Thanks in advance for your replies.


----------



## Goatress (Feb 4, 2011)

Hi kaitala:

Because LGD's do what they do mostly on their own, there aren't so many trainers out there as there say in cowdogs or border collie sheep dogs. LGD's guard by their natural instinct to guard, it isn't taught per se. You correct them when needed when they (for instance) chase or bite stock. But these dogs aren't 'trained' to guard, if they don't do it on their own, they are not a very good LGD. That is the beauty of good LGD's. They do this by instinct. We just shepherd them along praising good things, scolding for bad.
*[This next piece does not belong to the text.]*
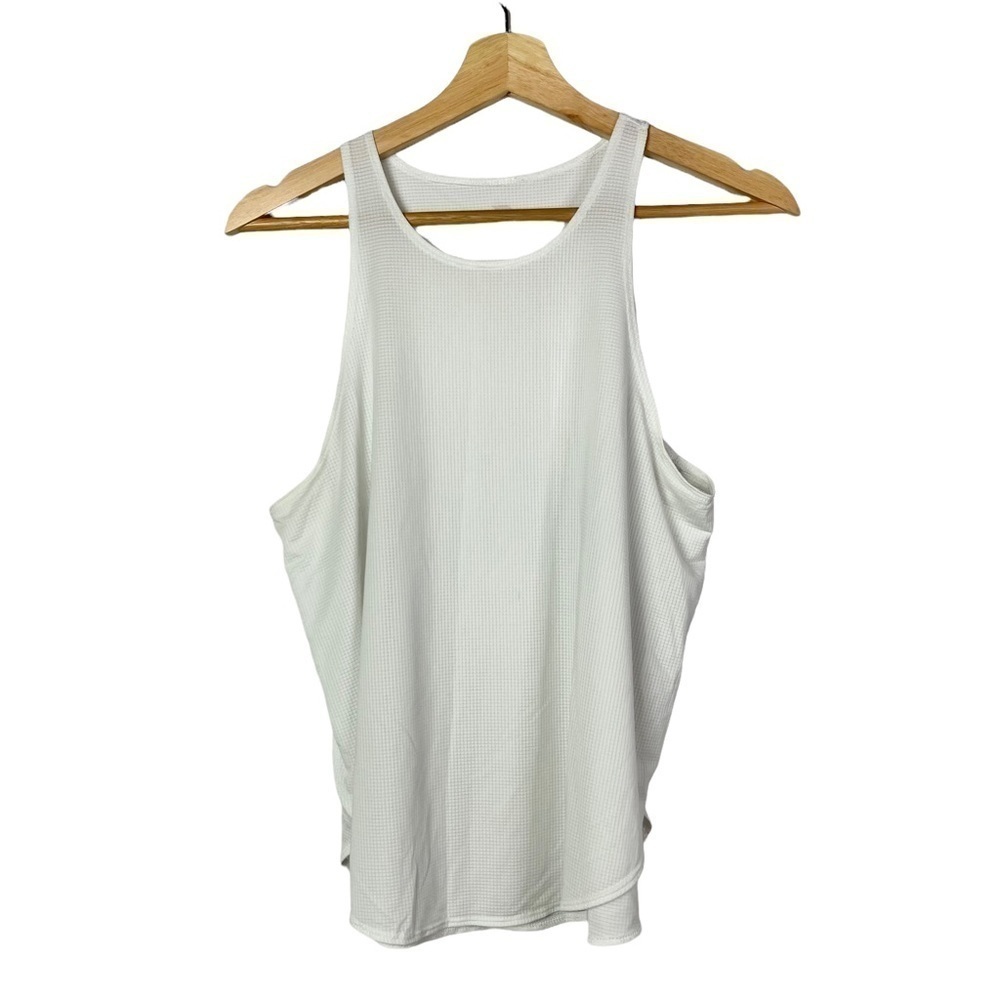Fabletics White High Round Neck Muscle Tank Top S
But frankly I have found very little need to 'train' past basic commands. And I 'dog talk' more than anything that is growl, bite ear if necessary, etc. They respond to my growl better than a 'no'.

As a breeder I always offer advice and methods I use to buyers of my pups and am available for them 24/7 with help when needed. I think if you buy from a good breeder they will all do the same for you. Everyone does things different I'm sure others will chime in here and tell you how they do it too.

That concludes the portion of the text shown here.